AWS provides numerous fully-managed services to achieve logical connectivity across VPCs and AWS accounts, including AWS Transit Gateway and AWS PrivateLink. Both of these services enable customers to logically connect VPCs at scale. These services are built on AWS Hyperplane – a Network Function Virtualization platform that provides transparent routing and switching capabilities at an extremely large scale (thousands of VPCs). Although this level of detail is typically not relevant to customers, in the context of CPGs this information becomes significant. Hyperplane was developed to allow customers to scale their logical connectivity on AWS. To achieve this, the platform creates logical objects (Gateways and Endpoints) that represent additional hops on the network. As well as marginally increasing hop count, Hyperplane components aren’t situated in the physical scope of a CPG. Consequently, placing Hyperplane-based connectivity services in the path between members of a CPG can counteract the benefits gained by optimizing proximity between those EC2 instances.

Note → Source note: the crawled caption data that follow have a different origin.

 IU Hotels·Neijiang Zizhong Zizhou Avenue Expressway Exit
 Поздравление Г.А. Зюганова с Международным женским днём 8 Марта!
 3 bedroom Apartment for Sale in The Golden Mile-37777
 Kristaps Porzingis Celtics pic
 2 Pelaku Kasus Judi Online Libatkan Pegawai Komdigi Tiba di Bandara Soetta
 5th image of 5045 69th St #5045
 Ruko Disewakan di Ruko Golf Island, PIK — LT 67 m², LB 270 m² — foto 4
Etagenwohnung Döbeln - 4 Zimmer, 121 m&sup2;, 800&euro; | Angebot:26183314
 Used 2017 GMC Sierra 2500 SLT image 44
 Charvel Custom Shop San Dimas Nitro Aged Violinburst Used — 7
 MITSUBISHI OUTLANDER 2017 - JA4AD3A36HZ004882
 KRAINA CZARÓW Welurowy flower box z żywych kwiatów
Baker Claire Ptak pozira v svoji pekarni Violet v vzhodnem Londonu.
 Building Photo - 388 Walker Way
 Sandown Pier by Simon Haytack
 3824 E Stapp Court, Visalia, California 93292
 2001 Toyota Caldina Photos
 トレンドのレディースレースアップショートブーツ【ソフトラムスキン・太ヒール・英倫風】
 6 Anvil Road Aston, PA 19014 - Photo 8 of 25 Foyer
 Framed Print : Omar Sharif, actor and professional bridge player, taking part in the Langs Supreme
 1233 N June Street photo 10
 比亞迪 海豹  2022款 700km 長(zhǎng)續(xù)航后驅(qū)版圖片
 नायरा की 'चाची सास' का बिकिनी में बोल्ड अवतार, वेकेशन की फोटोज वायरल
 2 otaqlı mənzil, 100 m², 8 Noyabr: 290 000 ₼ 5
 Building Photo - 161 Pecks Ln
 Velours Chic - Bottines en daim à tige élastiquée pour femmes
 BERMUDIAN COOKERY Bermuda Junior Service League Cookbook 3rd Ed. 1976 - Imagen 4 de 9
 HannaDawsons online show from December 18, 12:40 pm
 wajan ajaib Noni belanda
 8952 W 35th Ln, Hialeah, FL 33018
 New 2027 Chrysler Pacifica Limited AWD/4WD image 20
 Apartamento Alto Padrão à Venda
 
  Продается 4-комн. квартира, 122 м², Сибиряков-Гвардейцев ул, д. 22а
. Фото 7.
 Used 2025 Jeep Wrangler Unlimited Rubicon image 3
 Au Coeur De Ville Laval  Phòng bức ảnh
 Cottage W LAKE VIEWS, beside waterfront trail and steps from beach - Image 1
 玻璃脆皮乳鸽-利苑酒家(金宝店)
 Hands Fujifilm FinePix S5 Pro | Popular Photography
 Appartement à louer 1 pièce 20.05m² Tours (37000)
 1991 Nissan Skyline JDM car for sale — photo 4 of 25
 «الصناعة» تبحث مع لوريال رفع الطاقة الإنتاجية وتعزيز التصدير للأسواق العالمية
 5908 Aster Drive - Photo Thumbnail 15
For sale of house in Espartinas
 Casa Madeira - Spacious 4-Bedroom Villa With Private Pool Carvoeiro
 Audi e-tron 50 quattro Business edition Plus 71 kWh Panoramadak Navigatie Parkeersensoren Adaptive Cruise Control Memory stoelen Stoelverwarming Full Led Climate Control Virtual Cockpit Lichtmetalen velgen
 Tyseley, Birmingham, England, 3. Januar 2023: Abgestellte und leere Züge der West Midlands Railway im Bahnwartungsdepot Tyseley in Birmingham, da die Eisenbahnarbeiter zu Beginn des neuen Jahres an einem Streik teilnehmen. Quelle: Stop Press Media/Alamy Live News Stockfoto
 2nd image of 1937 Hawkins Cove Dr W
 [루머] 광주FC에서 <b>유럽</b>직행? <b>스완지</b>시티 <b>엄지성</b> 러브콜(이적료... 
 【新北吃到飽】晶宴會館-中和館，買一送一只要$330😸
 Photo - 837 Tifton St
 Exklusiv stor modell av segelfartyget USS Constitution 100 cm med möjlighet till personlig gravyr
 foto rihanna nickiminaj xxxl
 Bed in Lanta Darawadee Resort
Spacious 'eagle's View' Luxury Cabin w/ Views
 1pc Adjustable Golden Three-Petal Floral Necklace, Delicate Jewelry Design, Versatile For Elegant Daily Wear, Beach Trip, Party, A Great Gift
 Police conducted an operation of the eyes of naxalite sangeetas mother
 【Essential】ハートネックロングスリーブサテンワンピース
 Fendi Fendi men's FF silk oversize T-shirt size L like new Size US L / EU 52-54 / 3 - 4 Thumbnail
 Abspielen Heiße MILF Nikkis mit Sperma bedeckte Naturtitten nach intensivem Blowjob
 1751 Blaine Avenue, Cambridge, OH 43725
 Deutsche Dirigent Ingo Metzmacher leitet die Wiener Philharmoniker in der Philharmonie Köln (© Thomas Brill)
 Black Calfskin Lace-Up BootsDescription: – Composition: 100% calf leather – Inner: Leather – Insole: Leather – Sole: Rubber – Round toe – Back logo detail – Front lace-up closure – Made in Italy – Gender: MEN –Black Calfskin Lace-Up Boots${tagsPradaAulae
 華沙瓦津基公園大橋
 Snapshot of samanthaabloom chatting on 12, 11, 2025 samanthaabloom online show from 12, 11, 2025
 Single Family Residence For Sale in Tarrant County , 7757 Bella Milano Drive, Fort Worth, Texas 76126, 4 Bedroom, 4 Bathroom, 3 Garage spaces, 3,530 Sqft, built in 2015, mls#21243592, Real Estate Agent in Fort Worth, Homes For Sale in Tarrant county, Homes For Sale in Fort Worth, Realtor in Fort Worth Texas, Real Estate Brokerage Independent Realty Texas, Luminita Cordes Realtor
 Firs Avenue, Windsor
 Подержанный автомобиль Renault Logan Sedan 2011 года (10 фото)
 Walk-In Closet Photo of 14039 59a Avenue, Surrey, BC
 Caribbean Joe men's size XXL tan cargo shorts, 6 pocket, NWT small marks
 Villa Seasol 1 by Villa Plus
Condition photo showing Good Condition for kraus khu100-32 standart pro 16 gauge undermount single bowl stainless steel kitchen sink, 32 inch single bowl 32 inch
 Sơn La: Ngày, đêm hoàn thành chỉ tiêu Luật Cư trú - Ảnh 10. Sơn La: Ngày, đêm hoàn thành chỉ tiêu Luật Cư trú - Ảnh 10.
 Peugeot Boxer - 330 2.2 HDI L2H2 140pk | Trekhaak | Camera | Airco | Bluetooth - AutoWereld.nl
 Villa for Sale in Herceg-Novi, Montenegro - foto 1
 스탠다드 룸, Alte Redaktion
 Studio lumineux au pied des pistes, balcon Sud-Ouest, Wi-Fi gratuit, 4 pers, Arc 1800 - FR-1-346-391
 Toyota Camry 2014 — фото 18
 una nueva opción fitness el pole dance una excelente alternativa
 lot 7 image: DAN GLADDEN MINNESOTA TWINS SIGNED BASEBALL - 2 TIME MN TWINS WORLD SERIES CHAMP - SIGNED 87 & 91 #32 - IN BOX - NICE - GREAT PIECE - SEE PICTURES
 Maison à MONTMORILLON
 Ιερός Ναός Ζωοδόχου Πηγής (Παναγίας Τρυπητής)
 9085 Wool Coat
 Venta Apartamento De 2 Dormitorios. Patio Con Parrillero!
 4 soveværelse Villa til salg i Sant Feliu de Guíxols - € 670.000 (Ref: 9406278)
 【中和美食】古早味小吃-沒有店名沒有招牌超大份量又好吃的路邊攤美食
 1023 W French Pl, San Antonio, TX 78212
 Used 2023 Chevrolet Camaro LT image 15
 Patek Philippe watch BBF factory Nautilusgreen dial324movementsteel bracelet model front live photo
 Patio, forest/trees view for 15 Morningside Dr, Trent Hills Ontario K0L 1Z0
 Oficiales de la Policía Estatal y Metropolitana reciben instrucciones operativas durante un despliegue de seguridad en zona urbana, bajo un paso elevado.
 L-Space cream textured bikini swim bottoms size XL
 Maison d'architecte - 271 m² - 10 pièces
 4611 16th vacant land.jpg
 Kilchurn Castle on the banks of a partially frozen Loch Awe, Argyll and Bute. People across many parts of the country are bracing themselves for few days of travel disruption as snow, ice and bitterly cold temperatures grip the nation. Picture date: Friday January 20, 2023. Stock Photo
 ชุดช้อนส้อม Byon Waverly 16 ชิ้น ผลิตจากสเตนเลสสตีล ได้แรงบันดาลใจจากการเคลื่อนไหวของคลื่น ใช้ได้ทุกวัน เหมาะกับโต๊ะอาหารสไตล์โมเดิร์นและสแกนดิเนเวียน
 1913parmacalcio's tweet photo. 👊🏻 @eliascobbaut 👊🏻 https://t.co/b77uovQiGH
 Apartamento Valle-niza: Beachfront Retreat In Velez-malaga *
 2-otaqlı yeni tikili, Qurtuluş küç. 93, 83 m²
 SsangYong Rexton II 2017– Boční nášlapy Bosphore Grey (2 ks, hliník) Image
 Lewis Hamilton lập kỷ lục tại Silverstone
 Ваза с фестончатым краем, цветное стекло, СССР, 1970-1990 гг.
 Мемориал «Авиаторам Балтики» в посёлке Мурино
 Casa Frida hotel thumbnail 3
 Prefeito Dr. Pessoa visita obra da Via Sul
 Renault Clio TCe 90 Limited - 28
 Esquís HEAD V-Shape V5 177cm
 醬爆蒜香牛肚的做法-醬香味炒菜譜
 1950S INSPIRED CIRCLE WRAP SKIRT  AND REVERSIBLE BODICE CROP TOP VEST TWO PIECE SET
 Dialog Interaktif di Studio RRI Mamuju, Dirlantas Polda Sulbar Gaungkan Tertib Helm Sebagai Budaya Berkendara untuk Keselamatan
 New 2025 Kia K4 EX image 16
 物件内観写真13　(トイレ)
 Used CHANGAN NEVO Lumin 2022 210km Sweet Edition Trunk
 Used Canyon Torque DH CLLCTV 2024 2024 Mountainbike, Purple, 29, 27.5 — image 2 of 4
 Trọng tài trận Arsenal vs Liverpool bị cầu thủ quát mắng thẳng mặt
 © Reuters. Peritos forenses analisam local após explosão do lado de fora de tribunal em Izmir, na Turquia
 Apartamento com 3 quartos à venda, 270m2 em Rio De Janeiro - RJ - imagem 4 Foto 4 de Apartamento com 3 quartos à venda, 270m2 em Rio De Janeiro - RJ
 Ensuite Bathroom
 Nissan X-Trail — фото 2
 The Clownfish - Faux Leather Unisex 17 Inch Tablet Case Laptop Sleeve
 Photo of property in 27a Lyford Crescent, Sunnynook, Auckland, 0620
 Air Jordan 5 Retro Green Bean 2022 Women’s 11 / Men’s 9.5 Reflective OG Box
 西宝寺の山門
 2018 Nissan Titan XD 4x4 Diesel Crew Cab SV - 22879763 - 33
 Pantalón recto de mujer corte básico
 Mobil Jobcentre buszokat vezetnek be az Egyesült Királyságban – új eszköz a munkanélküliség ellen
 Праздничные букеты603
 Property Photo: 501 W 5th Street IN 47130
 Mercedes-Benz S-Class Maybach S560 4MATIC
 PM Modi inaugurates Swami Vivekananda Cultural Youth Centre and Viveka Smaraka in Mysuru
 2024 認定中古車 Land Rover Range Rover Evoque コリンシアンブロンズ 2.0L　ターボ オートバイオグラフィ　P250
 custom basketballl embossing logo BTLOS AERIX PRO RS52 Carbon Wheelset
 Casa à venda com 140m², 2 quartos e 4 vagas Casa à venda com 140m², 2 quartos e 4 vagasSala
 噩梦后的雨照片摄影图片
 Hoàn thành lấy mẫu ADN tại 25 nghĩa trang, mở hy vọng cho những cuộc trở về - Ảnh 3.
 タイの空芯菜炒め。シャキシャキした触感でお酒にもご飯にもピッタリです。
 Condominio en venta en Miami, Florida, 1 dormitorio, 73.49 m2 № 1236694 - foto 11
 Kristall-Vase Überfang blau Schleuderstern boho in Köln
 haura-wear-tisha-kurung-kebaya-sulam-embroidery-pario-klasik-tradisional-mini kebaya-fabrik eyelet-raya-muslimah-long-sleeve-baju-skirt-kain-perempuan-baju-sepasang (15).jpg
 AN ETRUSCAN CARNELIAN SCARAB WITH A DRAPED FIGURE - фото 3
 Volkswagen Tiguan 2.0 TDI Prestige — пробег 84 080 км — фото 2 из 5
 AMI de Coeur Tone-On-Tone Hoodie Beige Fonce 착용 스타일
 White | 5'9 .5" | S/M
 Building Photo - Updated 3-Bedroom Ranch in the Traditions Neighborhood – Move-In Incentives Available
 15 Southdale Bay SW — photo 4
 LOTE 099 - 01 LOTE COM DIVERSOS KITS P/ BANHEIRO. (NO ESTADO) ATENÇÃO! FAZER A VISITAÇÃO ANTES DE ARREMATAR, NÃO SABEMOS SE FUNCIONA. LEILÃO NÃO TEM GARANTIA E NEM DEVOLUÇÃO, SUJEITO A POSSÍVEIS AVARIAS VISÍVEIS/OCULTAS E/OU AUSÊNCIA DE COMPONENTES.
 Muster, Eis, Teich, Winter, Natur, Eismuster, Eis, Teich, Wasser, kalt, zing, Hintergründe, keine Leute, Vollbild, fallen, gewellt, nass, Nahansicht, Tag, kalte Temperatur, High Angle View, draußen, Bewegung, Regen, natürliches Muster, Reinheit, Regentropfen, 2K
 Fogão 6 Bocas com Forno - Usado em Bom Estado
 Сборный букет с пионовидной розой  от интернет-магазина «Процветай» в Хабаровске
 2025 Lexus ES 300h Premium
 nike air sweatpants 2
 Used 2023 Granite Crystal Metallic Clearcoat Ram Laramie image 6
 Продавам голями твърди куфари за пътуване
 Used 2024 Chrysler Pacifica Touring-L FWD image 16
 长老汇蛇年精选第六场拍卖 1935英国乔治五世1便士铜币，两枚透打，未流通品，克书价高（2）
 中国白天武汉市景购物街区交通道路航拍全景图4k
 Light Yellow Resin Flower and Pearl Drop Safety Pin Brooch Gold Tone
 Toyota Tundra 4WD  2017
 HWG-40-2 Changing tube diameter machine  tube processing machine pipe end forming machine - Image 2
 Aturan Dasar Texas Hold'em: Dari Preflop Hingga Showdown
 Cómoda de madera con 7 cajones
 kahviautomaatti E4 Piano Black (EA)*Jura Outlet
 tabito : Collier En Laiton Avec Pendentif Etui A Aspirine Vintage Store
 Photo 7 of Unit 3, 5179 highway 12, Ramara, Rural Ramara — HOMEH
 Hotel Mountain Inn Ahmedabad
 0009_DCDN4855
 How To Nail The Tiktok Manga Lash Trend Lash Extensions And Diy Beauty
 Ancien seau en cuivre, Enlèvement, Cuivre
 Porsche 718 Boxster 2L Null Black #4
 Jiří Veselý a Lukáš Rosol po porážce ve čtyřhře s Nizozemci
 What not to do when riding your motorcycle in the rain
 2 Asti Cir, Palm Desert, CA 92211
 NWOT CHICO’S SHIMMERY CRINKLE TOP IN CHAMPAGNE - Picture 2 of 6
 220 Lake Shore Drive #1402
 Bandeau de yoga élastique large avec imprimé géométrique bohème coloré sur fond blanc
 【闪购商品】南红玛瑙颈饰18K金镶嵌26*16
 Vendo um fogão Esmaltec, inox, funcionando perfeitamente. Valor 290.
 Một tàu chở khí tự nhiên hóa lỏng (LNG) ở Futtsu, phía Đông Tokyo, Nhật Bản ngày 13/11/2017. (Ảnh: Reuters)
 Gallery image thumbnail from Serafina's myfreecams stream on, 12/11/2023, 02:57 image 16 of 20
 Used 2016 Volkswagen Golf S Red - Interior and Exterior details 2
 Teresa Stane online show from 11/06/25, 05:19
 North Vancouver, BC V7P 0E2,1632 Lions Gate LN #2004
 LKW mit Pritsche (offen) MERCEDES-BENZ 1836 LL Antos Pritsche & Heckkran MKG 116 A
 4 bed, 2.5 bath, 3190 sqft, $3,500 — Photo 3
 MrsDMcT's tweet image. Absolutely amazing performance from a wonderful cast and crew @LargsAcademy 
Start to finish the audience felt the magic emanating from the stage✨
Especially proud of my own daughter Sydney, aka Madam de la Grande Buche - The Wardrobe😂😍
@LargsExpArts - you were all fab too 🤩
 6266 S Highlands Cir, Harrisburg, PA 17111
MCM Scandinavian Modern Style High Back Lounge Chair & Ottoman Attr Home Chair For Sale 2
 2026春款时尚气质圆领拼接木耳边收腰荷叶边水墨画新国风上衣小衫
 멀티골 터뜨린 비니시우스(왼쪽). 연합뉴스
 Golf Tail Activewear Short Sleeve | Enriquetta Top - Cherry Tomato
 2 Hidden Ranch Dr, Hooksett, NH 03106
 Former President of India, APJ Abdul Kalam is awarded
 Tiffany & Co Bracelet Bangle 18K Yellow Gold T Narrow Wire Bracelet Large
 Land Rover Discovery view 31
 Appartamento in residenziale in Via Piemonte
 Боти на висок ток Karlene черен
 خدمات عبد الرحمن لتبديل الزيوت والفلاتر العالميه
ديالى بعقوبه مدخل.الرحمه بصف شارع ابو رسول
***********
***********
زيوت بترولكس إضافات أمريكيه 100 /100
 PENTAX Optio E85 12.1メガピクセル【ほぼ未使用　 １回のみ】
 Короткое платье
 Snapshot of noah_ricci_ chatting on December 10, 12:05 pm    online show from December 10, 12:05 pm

Therefore, for use-cases that require the use of shared CPGs across VPCs, such as market-making, we recommend the use of Amazon VPC peering to achieve logical connectivity between Crypto exchange and market-maker VPCs. This minimizes the number of physical and logical network hops and provides the lowest levels of network latency. The following diagram illustrates an example logical and physical view when using VPC peering with shared CPGs:
Traffic carried between an intra-region VPC peering connection incurs no additional network hops or latency when compared to traffic flowing within a single VPC. Within the same AZ, this traffic also incurs no additional cost for network data transfer. Since VPC peering doesn’t support overlapping CIDR ranges, coordination is required to manage and use appropriate private IP space for VPC entities on either side of the VPC peering connection. Where VPCs reside in separate AWS accounts or Organizations, creating peering connections requires IAM permissions that cross these account or Organization boundaries to modify and update VPC network configurations. Although this is possible with IAM, security conscious customers may be hesitant to allow third-party access to modify something as sensitive as network connectivity configuration.
With this in mind, we’ve published a GitHub repository that automates this process. Using custom AWS CloudFormation resources, the code provides a self-service approach for a provider (e.g., Crypto exchange) to pre-allocate VPC CIDRs, and it allows for the acceptance of VPC peering connections, as well as route table and security group updates, without the need to provision IAM permissions to third-parties.
Conclusion
In this post, we discussed the real-world use case of Crypto market-making to illustrate how exchanges can use the newly-released Amazon EC2 shared CPG feature to share placement groups with market-makers in other AWS accounts. This provides market-makers with the opportunity to locate their trading engines closer to Crypto exchanges on the AWS Cloud, thereby improving network latency and packet processing rates for a competitive advantage and better profitability. We also illustrated the magnitude of performance optimization that can be achieved using CPGs containing one type of EC2 instance running a specific set of network testing benchmarks. Finally, we addressed logical inter-VPC connectivity and explained why VPC peering is the recommended option in the context of CPGs spanning multiple VPCs. We also shared a GitHub repository that provides self-service automation for securely creating Amazon VPC peering connections at scale between Organizations.